Тут Василий был готов. Выручило политеховское образование. Он интересно рассказывал Феде о станках, о нелегкой судьбе инженера-конструктора на 300 долларов в месяц, о своей бывшей жене, которая, гадина такая, ушла к начальнику бюро – то есть излил душу. Потом по всем правилам вербовки стал задавать вопросы, рассчитывая на ответную откровенность. Федор отвечал охотно. Про свою работу, про болезни суставов, про службу в армии. Незаметно разговор перешел на женщин, и Василий ввернул фразу, мол, красивые у вас тут в Старомойске бабы. Чтобы дальше спросить: «А как твою зовут? Любишь или просто так встречаешься, чтобы шишку попарить»?

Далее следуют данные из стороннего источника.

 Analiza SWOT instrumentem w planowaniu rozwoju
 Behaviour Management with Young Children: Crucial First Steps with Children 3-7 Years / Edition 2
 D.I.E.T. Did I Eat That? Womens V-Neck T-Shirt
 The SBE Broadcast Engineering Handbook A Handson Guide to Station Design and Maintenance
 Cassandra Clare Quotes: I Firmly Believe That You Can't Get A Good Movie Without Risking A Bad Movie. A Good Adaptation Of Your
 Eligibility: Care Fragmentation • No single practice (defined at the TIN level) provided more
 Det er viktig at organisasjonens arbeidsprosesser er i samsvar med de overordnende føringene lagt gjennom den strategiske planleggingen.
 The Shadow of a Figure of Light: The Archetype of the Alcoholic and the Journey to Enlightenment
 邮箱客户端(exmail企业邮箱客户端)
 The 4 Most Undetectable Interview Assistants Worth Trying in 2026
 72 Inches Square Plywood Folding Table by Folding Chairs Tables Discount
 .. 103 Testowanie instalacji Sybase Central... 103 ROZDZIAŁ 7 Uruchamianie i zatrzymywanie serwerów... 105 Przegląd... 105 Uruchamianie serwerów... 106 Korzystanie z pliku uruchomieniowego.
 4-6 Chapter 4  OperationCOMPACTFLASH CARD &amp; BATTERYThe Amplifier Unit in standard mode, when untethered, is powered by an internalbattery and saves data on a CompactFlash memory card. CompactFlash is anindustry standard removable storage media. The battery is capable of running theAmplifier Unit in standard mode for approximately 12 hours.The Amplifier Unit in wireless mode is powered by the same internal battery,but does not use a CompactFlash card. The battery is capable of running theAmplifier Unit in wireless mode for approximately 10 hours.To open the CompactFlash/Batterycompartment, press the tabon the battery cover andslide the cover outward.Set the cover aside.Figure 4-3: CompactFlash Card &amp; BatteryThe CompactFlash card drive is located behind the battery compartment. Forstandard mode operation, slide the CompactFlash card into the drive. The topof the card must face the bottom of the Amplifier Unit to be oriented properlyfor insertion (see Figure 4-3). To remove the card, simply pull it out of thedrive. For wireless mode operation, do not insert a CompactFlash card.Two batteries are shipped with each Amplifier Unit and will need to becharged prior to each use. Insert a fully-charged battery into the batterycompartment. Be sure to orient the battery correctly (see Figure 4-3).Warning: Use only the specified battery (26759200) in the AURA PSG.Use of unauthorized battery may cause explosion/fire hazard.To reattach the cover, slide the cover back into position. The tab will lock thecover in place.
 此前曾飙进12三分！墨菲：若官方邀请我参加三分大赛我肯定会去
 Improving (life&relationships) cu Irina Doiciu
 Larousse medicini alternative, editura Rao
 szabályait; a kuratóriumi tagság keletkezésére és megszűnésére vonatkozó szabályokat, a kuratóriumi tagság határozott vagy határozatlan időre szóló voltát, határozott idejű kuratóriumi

– Бабы у нас тут огонь, – ответил Федор, – но я тебе, Вася, Катьку не отдам, хоть ты и неожиданно появившийся муж. Че смотришь? Думаешь, в Старомойске телевидения нету? Зря ты прикидывался. Какой из тебя инженер? У тебя же на лбу от силы семь классов написано.
***
– Ты, гад, мне всю жизнь испортил! – кричала Катя.
– Сама ты стерва! – отвечал Вася.
– Собрал и вещи и ушел!
– Я бы с радостью, но не могу.
И действительно не мог. Всего две недели они жили вместе, но уже не могли выносить друг друга. Им казалось, что прошло несколько лет. Но как, утверждал Эйнштейн, время относительно. А надо верить человеку, который был дважды женат.
Василия и Катерину раздражало друг в друге всё: как он долго сидит в туалете, а она – в ванной; как он быстро ест, и крошки летят на стол, а она, размешивая сахар в чашке, громко стучит ложечкой, и этот звук просто бесит; как ему приготовишь что-то вкусное, а он, сволочь такая, не замечает и тупо жрет, а она час разговаривает с подружкой по телефону, говорит глупости и тупо ржет.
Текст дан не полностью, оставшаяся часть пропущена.